Classification of Imbalanced Data with a Geometric Digraph Family
Artür Manukyan, Elvan Ceyhan; 17(189):1−40, 2016.
AbstractWe use a geometric digraph family called class cover catch digraphs (CCCDs) to tackle the class imbalance problem in statistical classification. CCCDs provide graph theoretic solutions to the class cover problem and have been employed in classification. We assess the classification performance of CCCD classifiers by extensive Monte Carlo simulations, comparing them with other classifiers commonly used in the literature.

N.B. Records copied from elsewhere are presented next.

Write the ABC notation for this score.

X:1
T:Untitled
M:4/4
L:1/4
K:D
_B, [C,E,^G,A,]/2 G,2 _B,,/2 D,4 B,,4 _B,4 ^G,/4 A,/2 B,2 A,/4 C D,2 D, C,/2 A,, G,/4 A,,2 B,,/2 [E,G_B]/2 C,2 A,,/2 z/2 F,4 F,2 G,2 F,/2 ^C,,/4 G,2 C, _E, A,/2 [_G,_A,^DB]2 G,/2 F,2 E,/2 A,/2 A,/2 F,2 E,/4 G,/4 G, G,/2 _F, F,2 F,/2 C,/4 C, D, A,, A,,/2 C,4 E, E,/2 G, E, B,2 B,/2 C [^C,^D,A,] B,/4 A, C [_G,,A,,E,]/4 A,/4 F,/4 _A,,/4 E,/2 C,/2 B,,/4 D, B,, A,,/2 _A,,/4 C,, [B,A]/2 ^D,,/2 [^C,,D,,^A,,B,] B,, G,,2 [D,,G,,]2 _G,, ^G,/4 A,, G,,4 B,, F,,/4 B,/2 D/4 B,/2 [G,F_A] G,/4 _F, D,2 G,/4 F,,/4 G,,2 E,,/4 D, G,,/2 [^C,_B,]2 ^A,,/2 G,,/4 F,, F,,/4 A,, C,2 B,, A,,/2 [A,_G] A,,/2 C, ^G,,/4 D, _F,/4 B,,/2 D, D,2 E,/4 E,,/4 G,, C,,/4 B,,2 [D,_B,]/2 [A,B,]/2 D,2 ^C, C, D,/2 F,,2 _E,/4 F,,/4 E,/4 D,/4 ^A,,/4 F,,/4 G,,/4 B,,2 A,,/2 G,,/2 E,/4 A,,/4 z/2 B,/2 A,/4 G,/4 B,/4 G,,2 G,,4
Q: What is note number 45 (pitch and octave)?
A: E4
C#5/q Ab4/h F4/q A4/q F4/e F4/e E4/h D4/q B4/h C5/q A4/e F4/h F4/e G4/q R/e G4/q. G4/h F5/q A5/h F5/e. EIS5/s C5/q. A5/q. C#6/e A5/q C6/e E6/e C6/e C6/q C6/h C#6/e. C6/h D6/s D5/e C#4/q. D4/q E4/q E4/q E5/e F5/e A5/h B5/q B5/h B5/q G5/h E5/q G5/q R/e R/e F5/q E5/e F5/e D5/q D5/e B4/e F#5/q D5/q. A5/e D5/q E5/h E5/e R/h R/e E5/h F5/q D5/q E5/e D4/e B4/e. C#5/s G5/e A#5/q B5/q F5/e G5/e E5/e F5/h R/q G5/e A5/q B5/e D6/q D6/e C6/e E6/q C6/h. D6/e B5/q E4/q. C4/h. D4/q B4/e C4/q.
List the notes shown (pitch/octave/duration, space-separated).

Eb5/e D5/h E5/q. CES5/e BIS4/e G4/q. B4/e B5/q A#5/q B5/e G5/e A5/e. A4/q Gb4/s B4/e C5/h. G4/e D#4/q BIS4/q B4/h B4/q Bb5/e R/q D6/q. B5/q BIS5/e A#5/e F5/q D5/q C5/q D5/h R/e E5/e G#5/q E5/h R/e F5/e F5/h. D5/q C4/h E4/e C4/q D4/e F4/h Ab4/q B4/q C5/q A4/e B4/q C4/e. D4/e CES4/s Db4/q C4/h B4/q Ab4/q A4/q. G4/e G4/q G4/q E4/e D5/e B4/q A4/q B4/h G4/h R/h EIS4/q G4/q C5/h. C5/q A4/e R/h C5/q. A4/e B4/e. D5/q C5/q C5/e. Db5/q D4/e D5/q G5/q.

In particular, we show that CCCD classifiers perform relatively well when one class is more frequent than the other in a two- class setting, an example of the class imbalance problem. We also point out the relationship between class imbalance and class overlapping problems, and their influence on the performance of CCCD classifiers and other classification methods as well as some state-of-the-art algorithms which are robust to class imbalance by construction. Experiments on both simulated and real data sets indicate that CCCD classifiers are robust to the class imbalance problem. CCCDs substantially undersample from the majority class while preserving the information on the discarded points during the undersampling process. Many state- of-the-art methods, however, keep this information by means of ensemble classifiers, but CCCDs yield only a single classifier with the same property, making it both appealing and fast.